Agriculture

Native nonprofit expands Minnesota farm, aims to scale up crop production amid pandemic

Jessika Greendeer at Dream of Wild Health
Jessika Greendeer, who is seed keeper and farm manager for Dream of Wild Health, gives a lesson to visiting youth during a previous year's growing season at the farm in Hugo.
Courtesy Dream of Wild Health

With food insecurity drawing renewed attention amid the coronavirus pandemic, a Twin Cities-based Native American nonprofit is ramping up food production on its organic farm.

Dream of Wild Health has expanded its farm in Hugo, from 10 to 30 acres, and they plan to scale up production.

The expansion of the farm "comes in a time when the community is reeling from the economic and social impact of COVID-19,” the group said in a news release. “The high rates of poverty and health disparities in Native communities heightens the effects of COVID-19. Dream of Wild Health youth and family participants are expressing an increasing need for access to food. The organization is working to expand food access immediately to respond to this need."

Executive director Neely Snyder said they will farm their existing acres more intensively as they work to prepare the newly acquired land, which was previously conventionally farmed, for organic farming.
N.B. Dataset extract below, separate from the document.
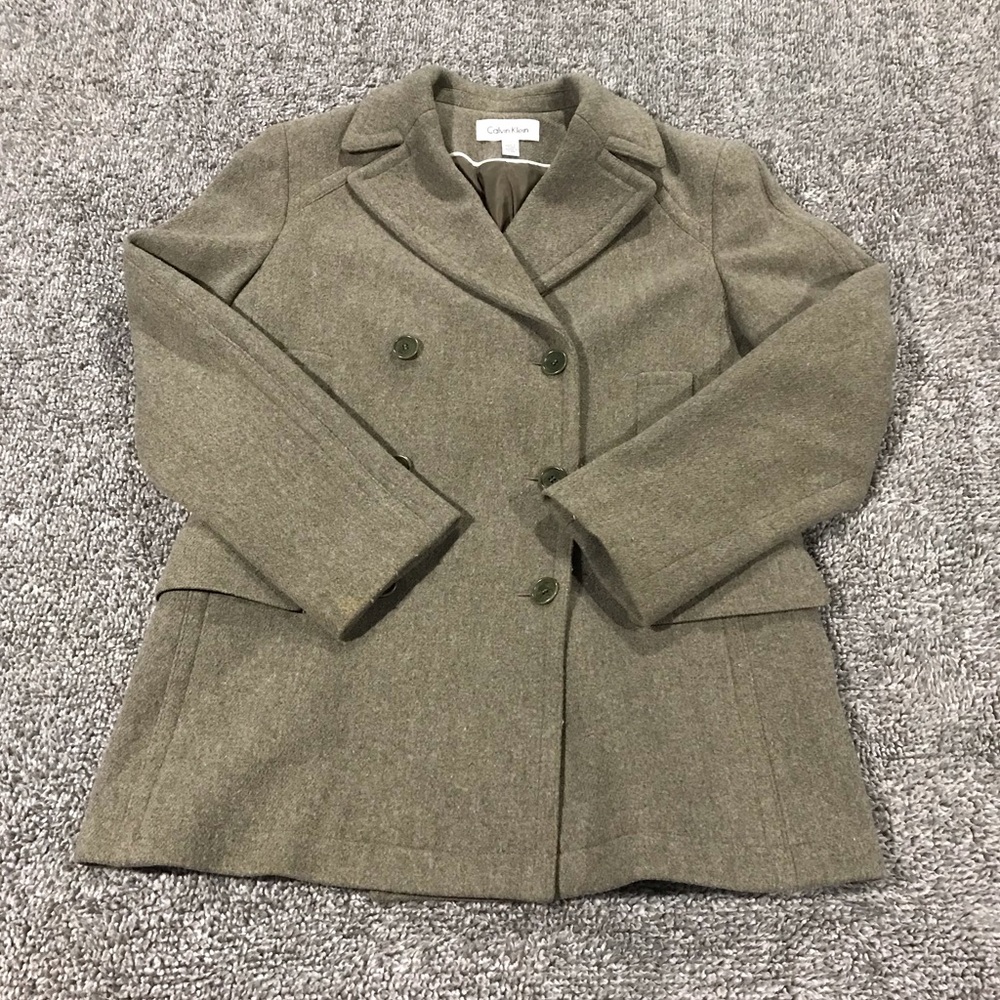 Calvin Klein Wool Coat. Women’s Size L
"We’re already seeing food insecurities," said Snyder. "I can just imagine ... some time in the future with businesses closing and all the schools closing, that the need for food access in our community is really going to increase, and so now we are looking at this as an urgent need for our community to start growing sooner rather than later."

Snyder said they hope increased production will allow them to create a meal-delivery program for families and elders in the community.

Dream of Wild Health volunteers
Dream of Wild Health volunteers work with squash plants at the farm in Hugo during a previous year's growing season. The Twin Cities-based Native American nonprofit has expanded its farm from 10 to 30 acres.
Courtesy Dream of Wild Health

Dream of Wild Health, which was founded in 1998, grows market vegetables as well as "culturally appropriate foods," says Jessika Greendeer, seed keeper and farm manager. She said they grow "foods that our Native community cannot find in the grocery stores or even inside of the co-ops, so that includes a lot of our Indigenous varieties of corn, beans and squash, as well as sunflowers and food products that all of those (crops) produce as well."

"With the pandemic we’ve had to change our style of farming," said Greendeer, "not only to maintain social distance but also to create more growing space from how we used to farm the property. So we’re growing a lot more intensively on the existing property."

The expansion had been in the works since well before the coronavirus pandemic began. Originally, they'd planned to slowly expand into the new acreage. But this season, Greendeer said, "we are looking at different ways can help start remediating the soil at the new property so we can start growing there sooner, especially as the need increases."

Dream of Wild Health also provides a site for nutrition and cultural education programs for kids in the summer — which they hope to run if they can safely do so. Snyder said the staff is working on contingency plans to continue to engage community and youth on the farm.

The group is working to raise money to install irrigation and complete other projects, and plan for possible year-round growing using greenhouses.